A reportagem foi publicada na edição 817 da revita CartaCapital, com o título "Direitos Ameaçados".
Antes, passou por três empresas terceirizadas, além de frigoríficos e construtoras. “Prefiro fazer bico a voltar para esse mercado”, afirma. Hoje ganha 1.080 reais (270 reais acima do salário mínimo), mais 400 reais em benefícios e horas extras por plantões aos sábados. Em 2007, exerceu a mesma função em uma terceirizada. Recebia um salário mínimo e um vale-cesta de 90 reais, sem possibilidade de fazer horas extras. Sempre havia serviço além do contratado e o pagamento às vezes atrasava. “Não vale a pena. Além de pagarem mal, demitem a todo momento.” O novo emprego permitiu-lhe pagar um curso de cabeleireiro para a esposa, dona de casa e disposta a montar um negócio próprio. Ele pensa em concluir os estudos, interrompidos no ensino médio, e estudar inglês e alemão.

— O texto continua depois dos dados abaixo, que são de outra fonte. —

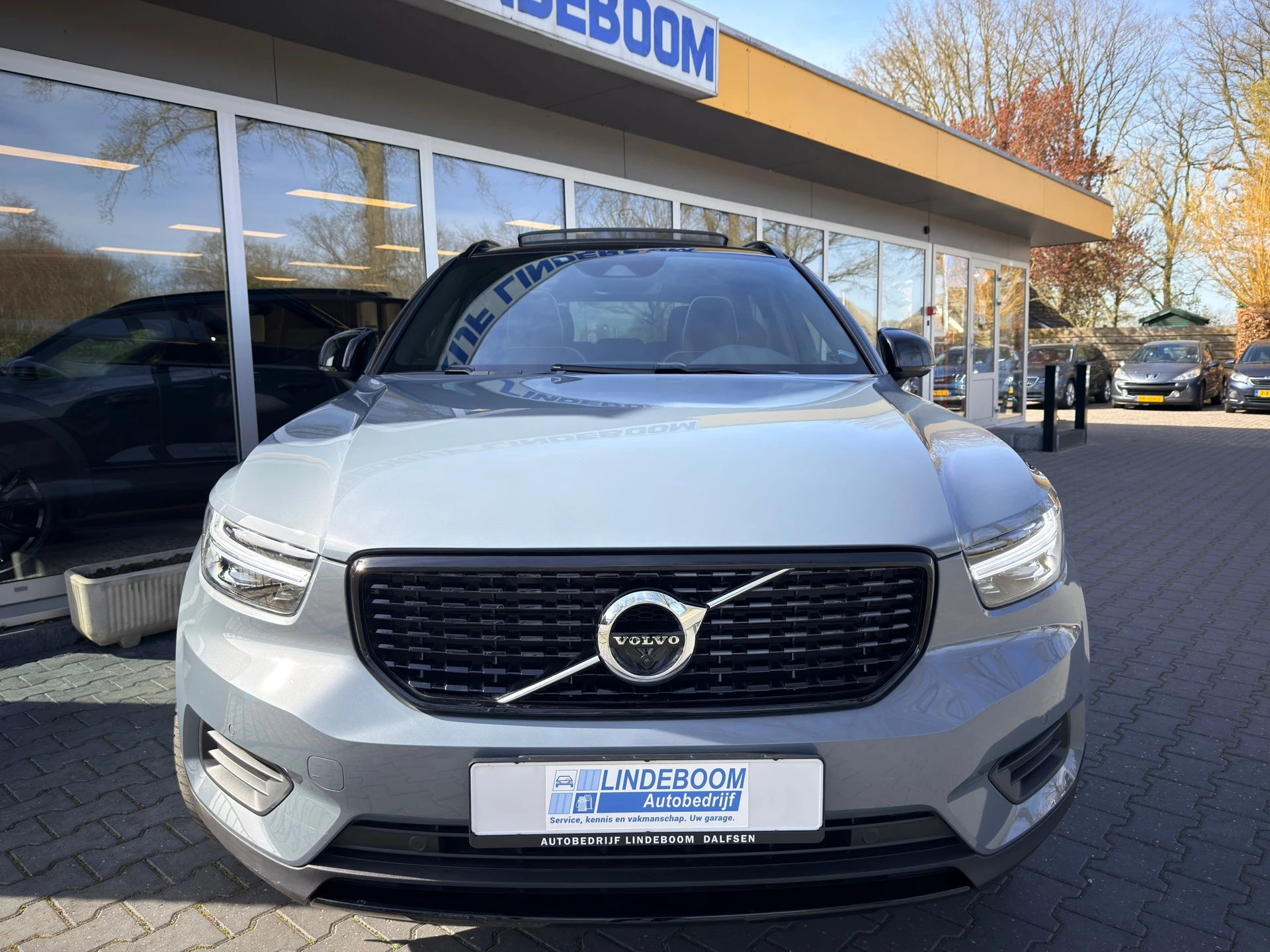 Hoofdafbeelding Volvo XC40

A mudança profunda nas suas condições de vida foi possibilitada pelo seu ingresso na parte que melhor representa o mundo criado pelo presidente Getúlio Vargas, há mais de 70 anos. Em 1º de maio de 1943, no Rio de Janeiro, em um Estádio de São Januário repleto de trabalhadores, Vargas assinou o Decreto-Lei nº 5452, de criação da Consolidação das Leis do Trabalho, sistematização e unificação da legislação trabalhista a partir de 1930. Um “inegável avanço em relação ao período republicano anterior, no qual as relações entre capital e trabalho eram encaradas como uma questão de polícia e os empregados ficavam à mercê das arbitrariedades dos patrões, sem praticamente nenhuma legislação que lhes assegurasse os direitos básicos”, escreve o historiador Lira Neto na biografia Getúlio.

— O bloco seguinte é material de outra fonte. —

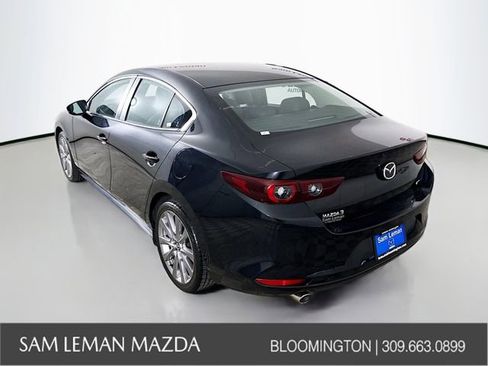 Used 2022 MAZDA MAZDA3 s FWD image 5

A CLT regulamentou o salário mínimo, as férias anuais, o descanso semanal e outros benefícios à classe trabalhadora. O instrumento contribuiu para a sustentação política de Vargas e constituiu o seu “legado simbólico mais eloquente”, até hoje de pé. A normatização permitiu regulamentar as relações entre o capital e o trabalho em um período de expansão da indústria e aumento do número de operários e comerciários a partir da criação das estatais Companhia Siderúrgica Nacional e Vale do Rio Doce, grandes fornecedoras do setor manufatureiro, às quais se somaria a Petrobras, instituída em 1951.
Hoje há 48,9 milhões de trabalhadores formais no País, segundo a Relação Anual de Informações Sociais do Ministério do Trabalho em 2013. A parcela de 25% de terceirizados recebe salários inferiores àqueles dos contratados diretos para as mesmas funções, tem menos benefícios, está mais sujeita a acidentes, à violação de direitos trabalhistas e ao trabalho em condições análogas às da escravidão. A forte pressão empresarial para ampliar o uso de terceirizados põe tudo em risco. Para o ministro do Tribunal Superior do Trabalho (TST), Luiz Philippe Vieira de Mello Filho, “franquear a terceirização é desconstruir todo o sistema trabalhista”, parte integrante da democracia brasileira.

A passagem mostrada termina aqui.